Eddie Hearn has seen many of Derek Chisora’s grittiest performances from a front-row seat.

Even Hearn marveled, however, at the veteran heavyweight’s remarkable resilience Saturday night. Like virtually everyone else who watched Chisora’s immediate rematch with Joseph Parker, Hearn expected Parker to knock him out either in the third round, when Chisora appeared out on his feet, or numerous times thereafter when Chisora could barely stand up straight at AO Arena in Manchester, England.

The courageous Chisora fought through extreme fatigue, took the former WBO champion’s most punishing punches and fired back enough times in spurts to make Parker reluctant to engage at points in a fight that surprisingly went the distance. Parker scored three knockdowns – one apiece in the fourth, seventh and eighth rounds – but Chisora huffed and puffed and fought his way to the final bell.

All three judges gave Chisora credit for his resolve throughout their 12-round encounter. Michael Alexander credited Parker for just a two-point win (114-112), whereas Ingo Barrabas (115-111) and Giustino Di Giovanni (115-110) had him ahead by bigger margins when the final bell sounded. Their first fight, a 12-rounder Parker won by split decision May 1 at AO Arena, was closely contested, too, but their rematch was a much more fan-friendly battle.

“It was a brilliant fight and, you know, firstly, congratulations to Joseph Parker,” Hearn said during his post-fight interview with DAZN. “He needed to box as well as he did tonight to win that fight because Dererck Chisora is, he’s not human. I mean, how that fight went 12 rounds, I’ll never know. And it was just a – he deserves so much credit. And it was a massive win for Joseph Parker. He needed to box as well as he did tonight to beat Dereck Chisora because there was zero quit in him – zero quit. And, you know, this is the toughest sport in the world. And both those guys deserve a huge amount of credit.”

Hearn considers Parker’s performance worthy of thrusting him back into the heavyweight championship picture.
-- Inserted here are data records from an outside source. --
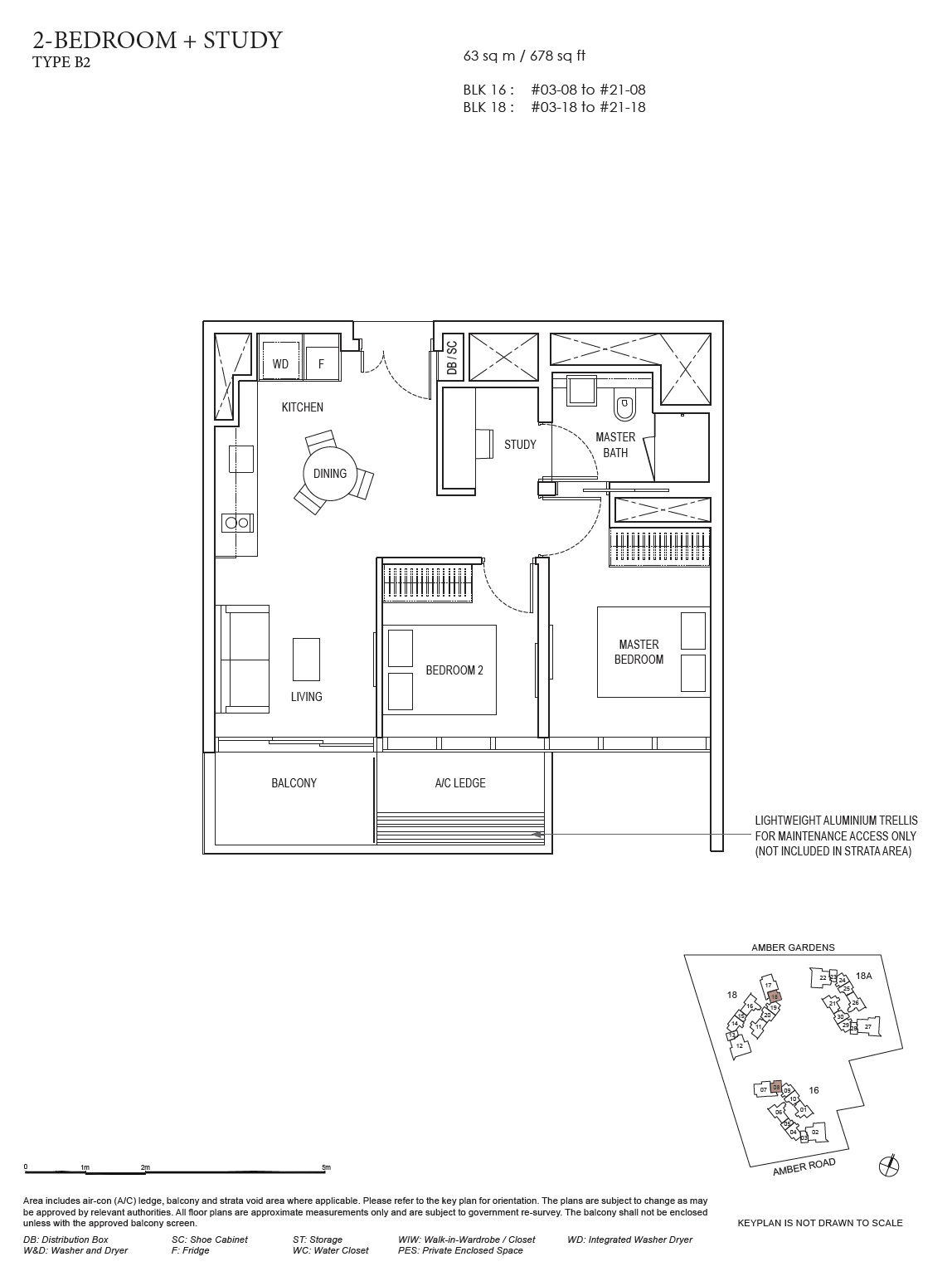 Amber Park 安珀苑 B2 户型图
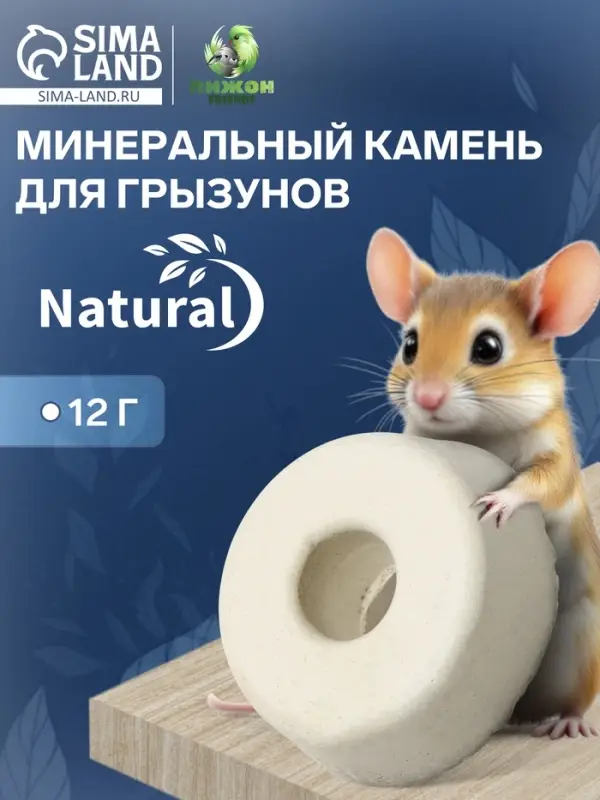 Минеральный камень Минеральный камень "Пижон" для грызунов, 12 г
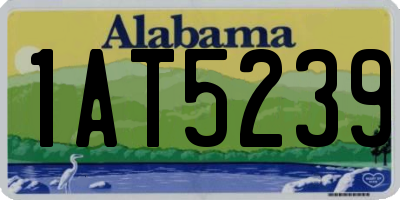 AL license plate 1AT5239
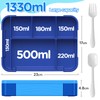 WayEee Bento Lunch Box 1330ml Lunch Box Kids Leak-Proof Lunch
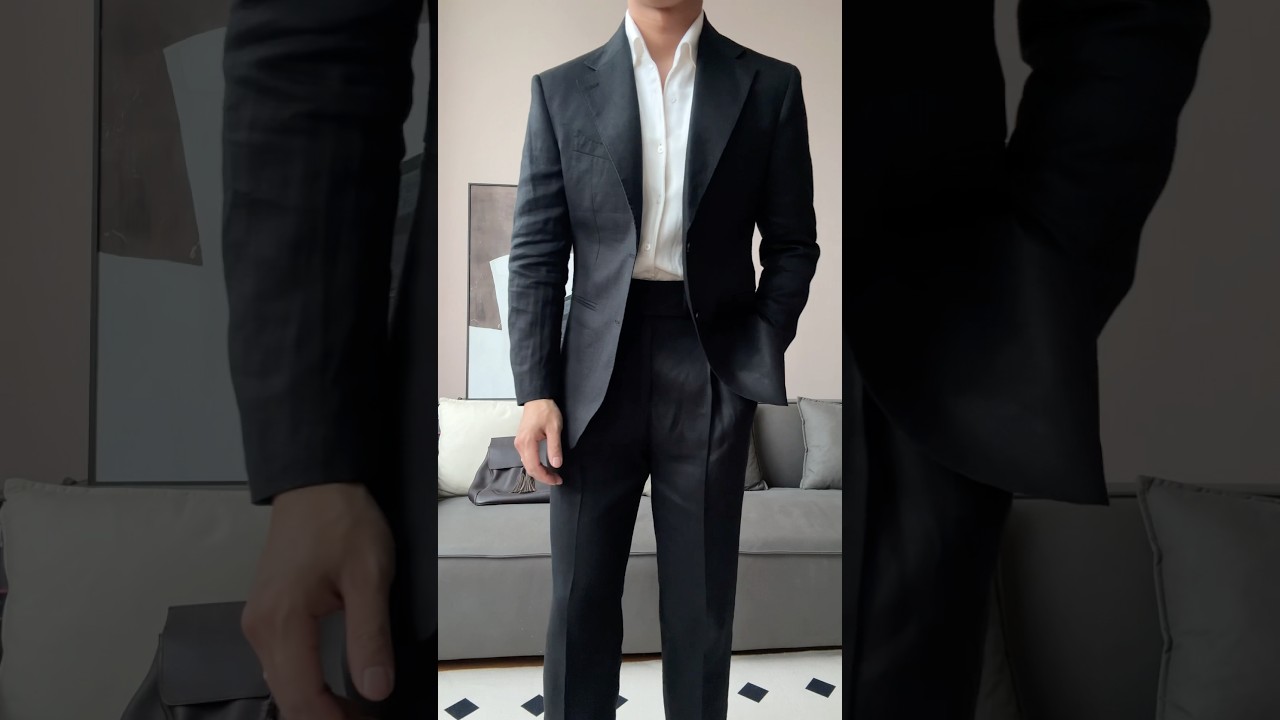 Havana Linen Suit #blazer #suit #harold #fashion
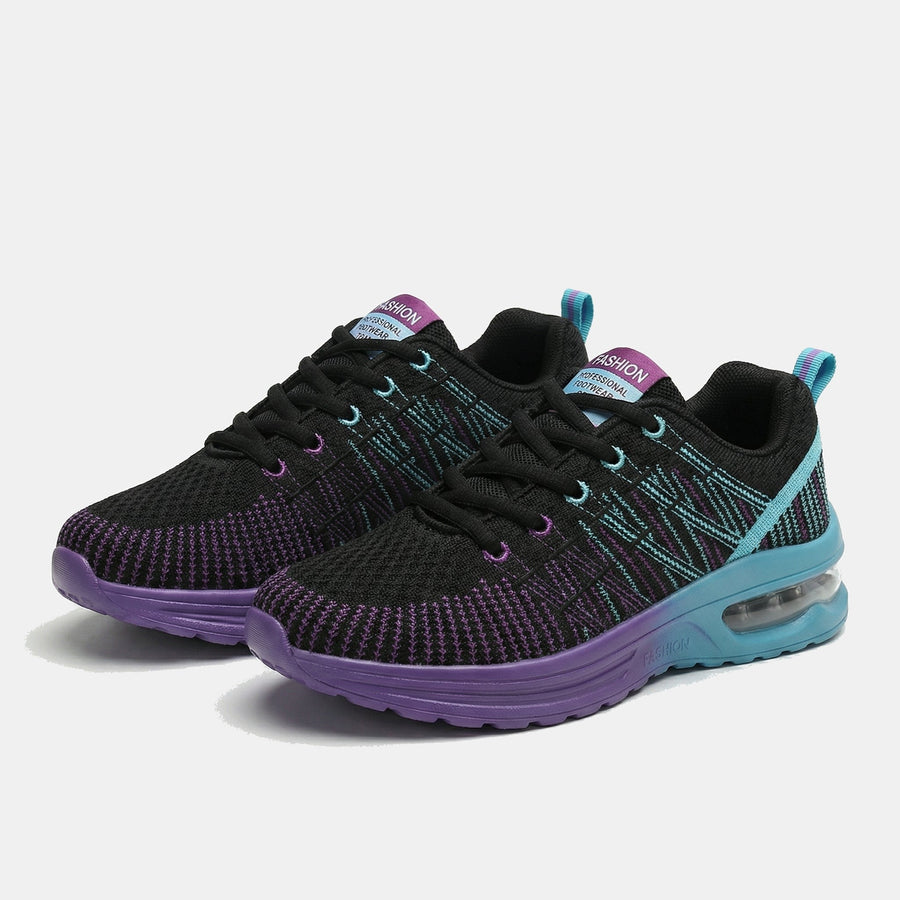Kaia – Orthopedic Shoes in Black & Purple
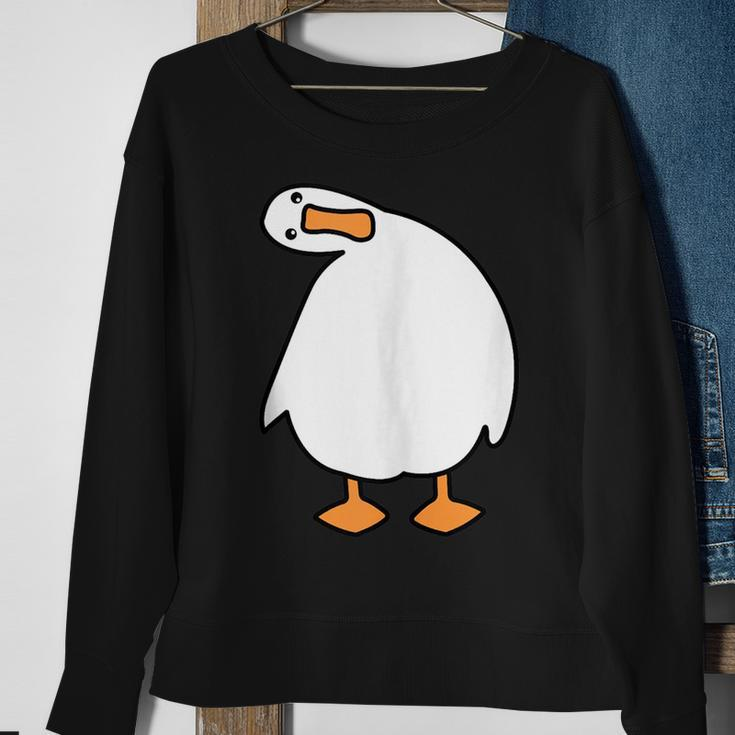 Funny Goose With Crazy Look Sweatshirt Gifts for Old Women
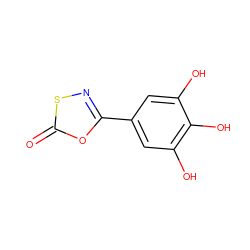 O=c1oc(-c2cc(O)c(O)c(O)c2)ns1 ZINC000169334466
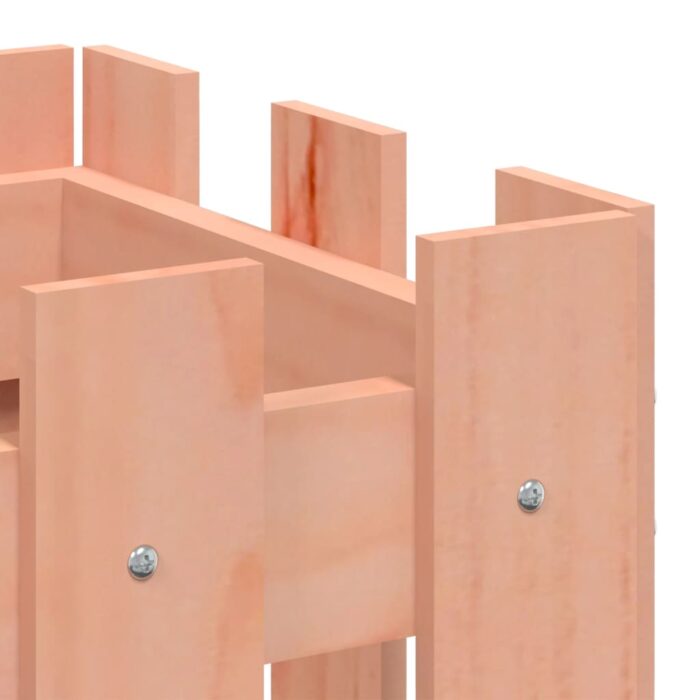 Lit surélevé de jardin design de clôture bois douglas massif – Image 5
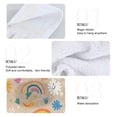 thumbnail image 5 of BZSMCE Hanging Hand Towels Fashion Rainbow Dream Pattern 2-Pack - Velcro Style Bathroom Kitchen Towels, 5 of 7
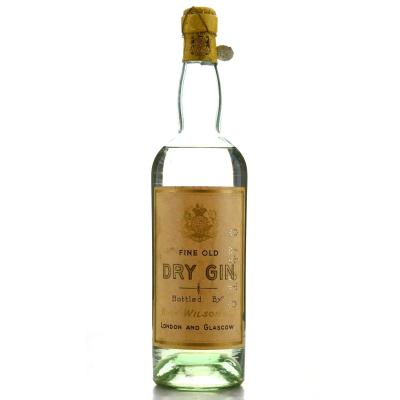Wilson and Co Dry Gin 1930s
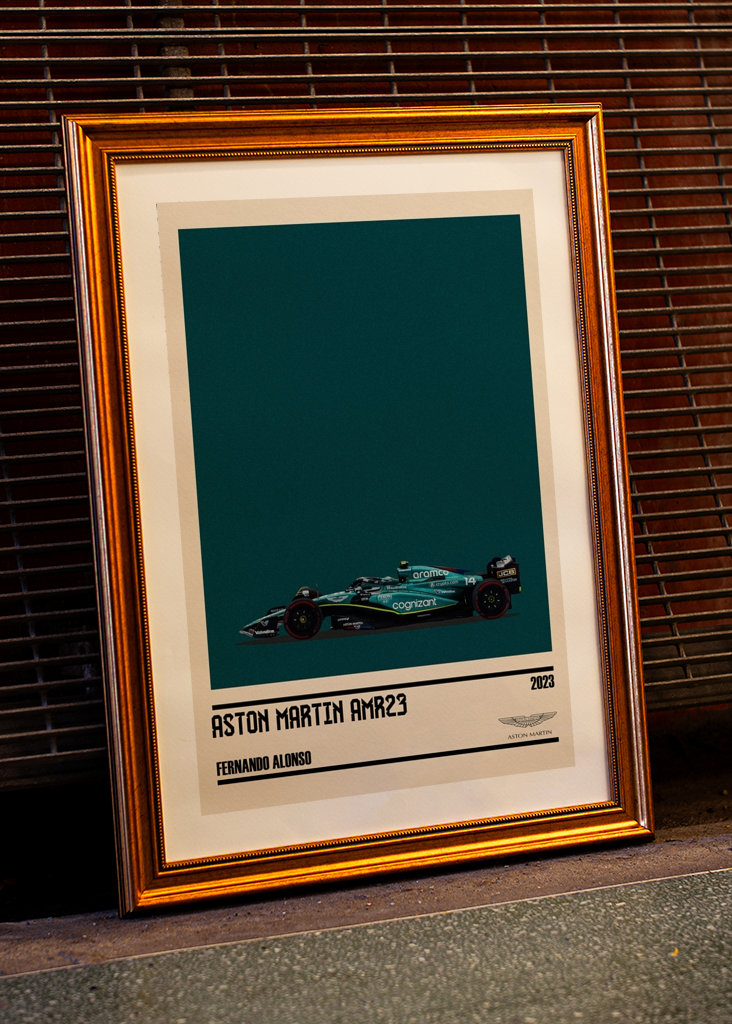 Póster de Fernando Alonso 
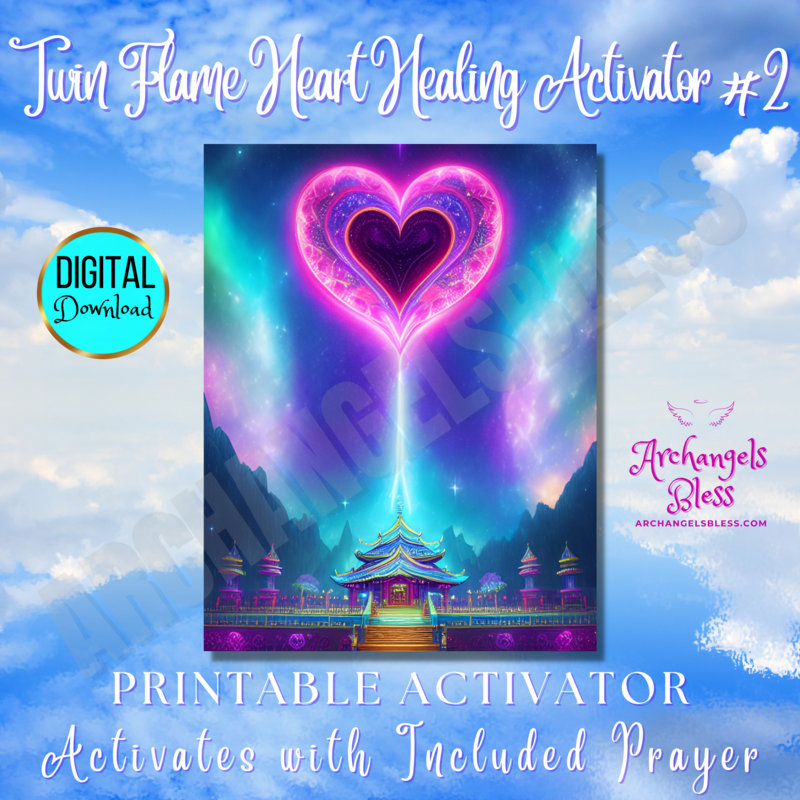 Twin Flame Heart Healing Activator #2 | Includes Custom Prayer Invocation That Empowers Your Activator | Printable | Instant Digital Download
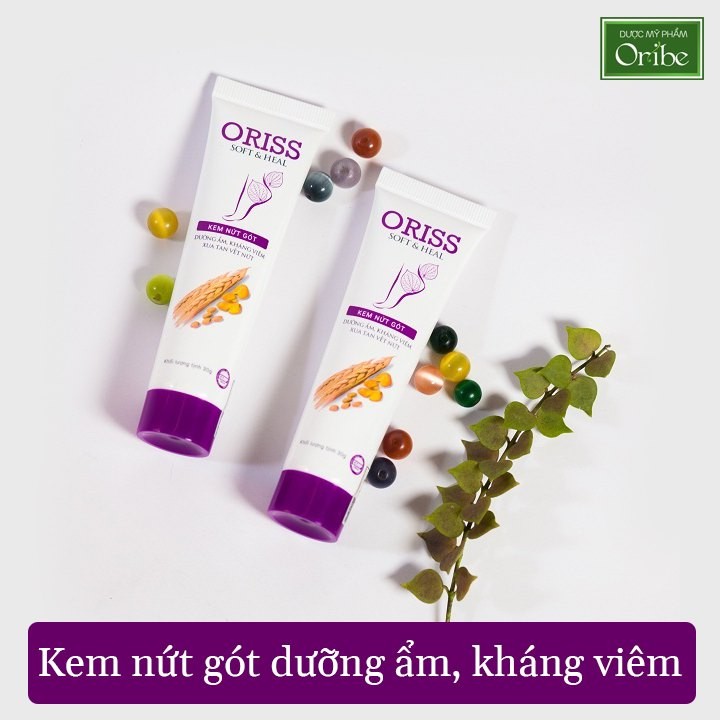 Kem dưỡng da chân Oriss Soft And Heal – Hỗ trợ giúp dưỡng ẩm hiệu quả, ngăn ngừa nứt nẻ da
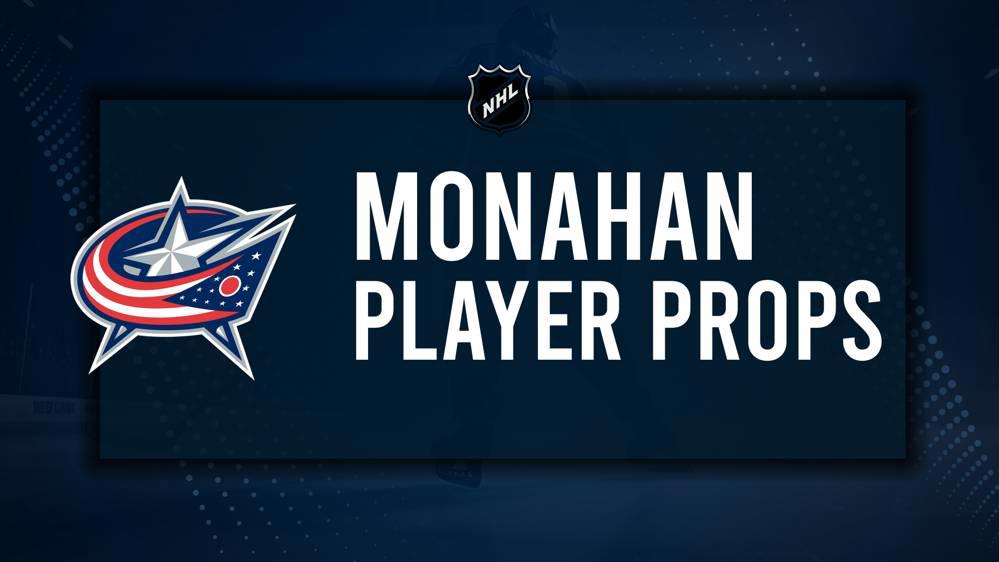 Sean Monahan Player Prop Bets for the Blue Jackets vs. Sabres Game - October 17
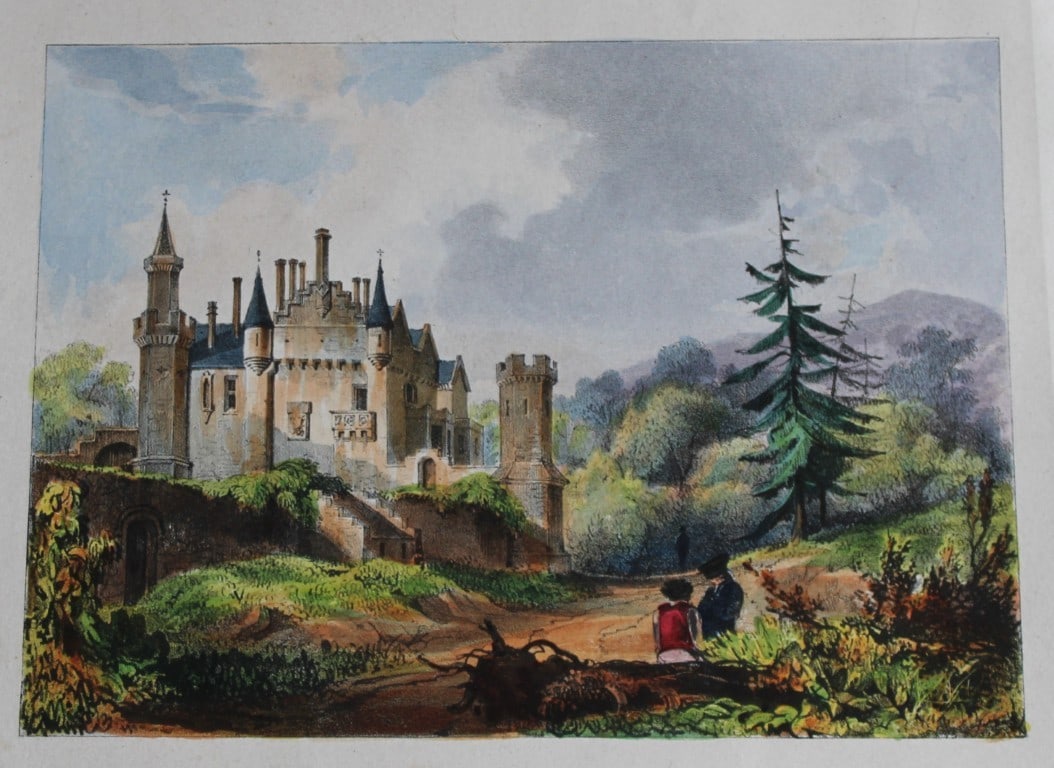 JS Templeton - Lithograph of Abbotsford, Seat of Sir Walter Scott c1850 (1 of 2)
The 29-year-old New Zealander has won six straight fights since he suffered back-to-back 12-round, unanimous-decision defeats to former IBF/IBO/WBA/WBO champ Anthony Joshua (24-2, 22 KOs) and Dillian Whyte (28-2, 19 KOs) in 2018. Parker lost the WBO belt to Joshua in their title unification fight, which took place in March 2018 at Principality Stadium in Cardiff, Wales.

The 37-year-old Chisora (32-12, 23 KOs) has lost three straight bouts, including a 12-round unanimous decision to new champion Oleksandr Usyk (19-0, 13 KOs) before his two losses to Parker, but Hearn expects the London-based, Zimbabwe-born contender to continue fighting.